Pas dans le cul aujourd'hui.

Publié le 12 Décembre 2014

C’est une lettre d’amour. Une lettre d’amour à un homme. A tout ce qu’il est. Pas seulement son corps dont Honza ne nous cache rien. Non c’est une manière d’engloutir un être. De l’aimer et de le faire rentrer en soi. Philosophie du sexe et sexualité à visage humain, Jana rentre à pleines voiles dans son désir : « Je veux passer des heures à bavasser pour pouvoir coucher avec toi et je veux baiser avec toi pour parvenir à ces heures de discussion… »

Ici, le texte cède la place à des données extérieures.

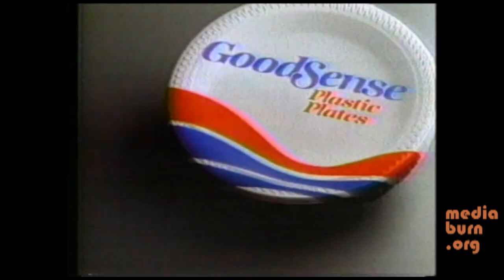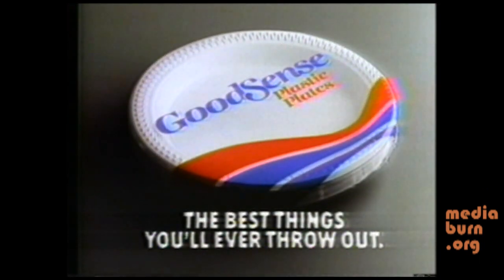Good-sense plastic plates — the best things you'll ever throw out. By the way, we also make plastic cups.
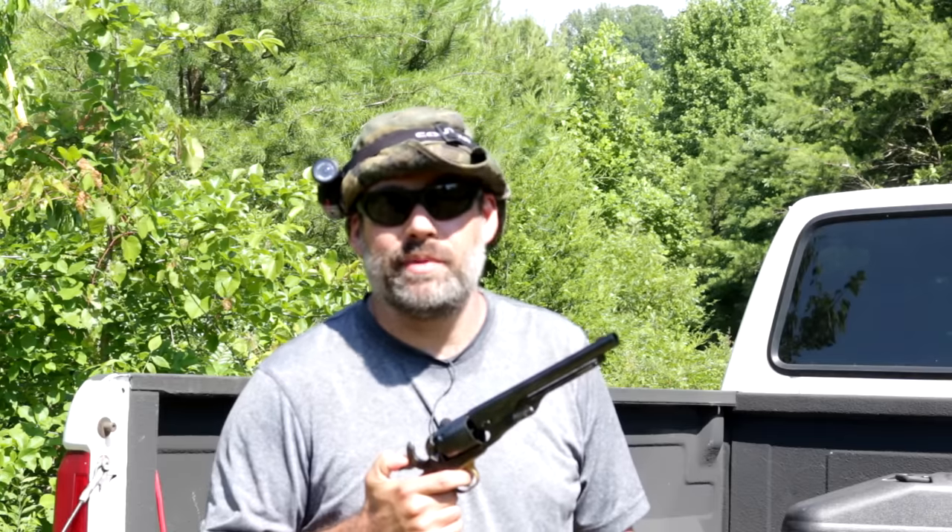Howdy folks, BC here. You're watching Deucey Guns and today I want to find out exactly how powerful these black powder revolvers can be.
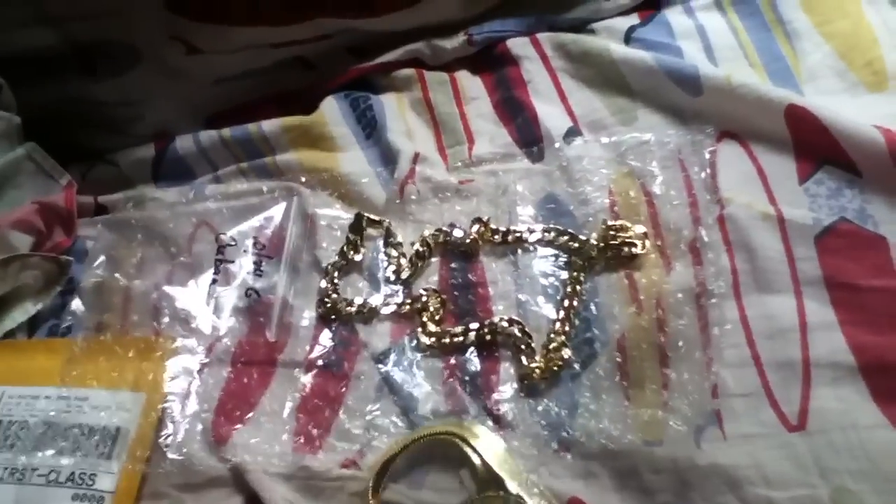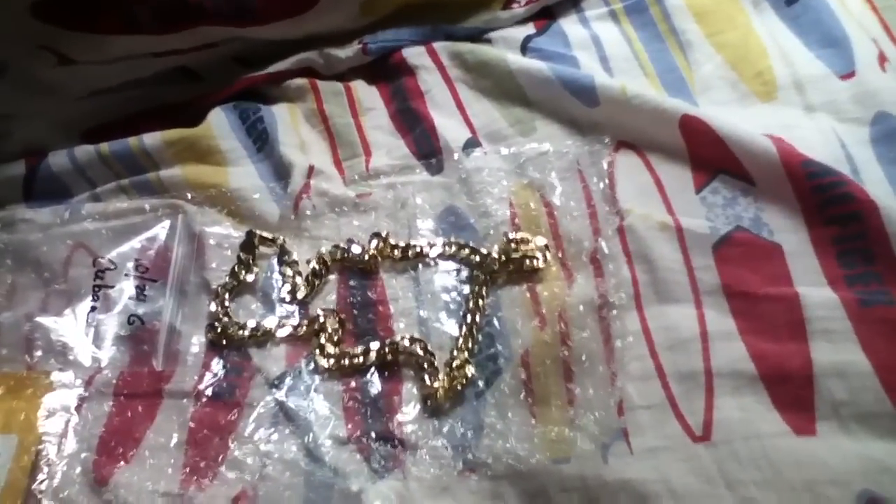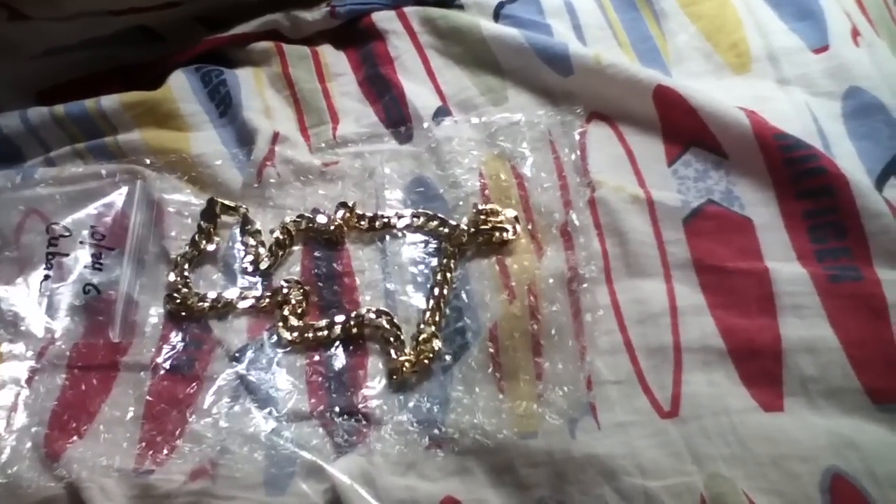The herringbone chain is the same length but just one millimeter thicker — it's 11 millimeters. This actually has a lot better shine to it. Well, they both have shine, but both are really dope. I like the herringbone a little more. It says 14K Italy right there. The clasp is really good, and this one definitely has some weight to it — a little more than the Cuban link chain.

Elle prévient que si tout est perdu alors, « Je déguerpirais pour épouser un ingénieur commercial possédant une Spartak Skoda parce qu’alors il n’y aura plus aucune différence. » désirant une absolue communion, une appartenance totale à l’autre. Avec ses mots crus Jana cerna aspire à une dévastation sexuelle et amoureuse, un avalement, une cure de sperme qui soit philosophique. Proto féministe et érotique, elle écrit au début des années 60 dans Prague qui connaitra alors un chambardement sans précèdent, justement dans l’usine Skoda de Plzen où des conseils ouvriers virent le jour prônant l’autogestion. De l’autogestion généralisée à l’amour général, il n’y eut qu’un pas.

Pas dans le cul aujourd’hui, Jana Cerna, Traduit du tchèque par Barbora Faure, éditions La contre allée, Lille, 92 pages, 8,5 euros.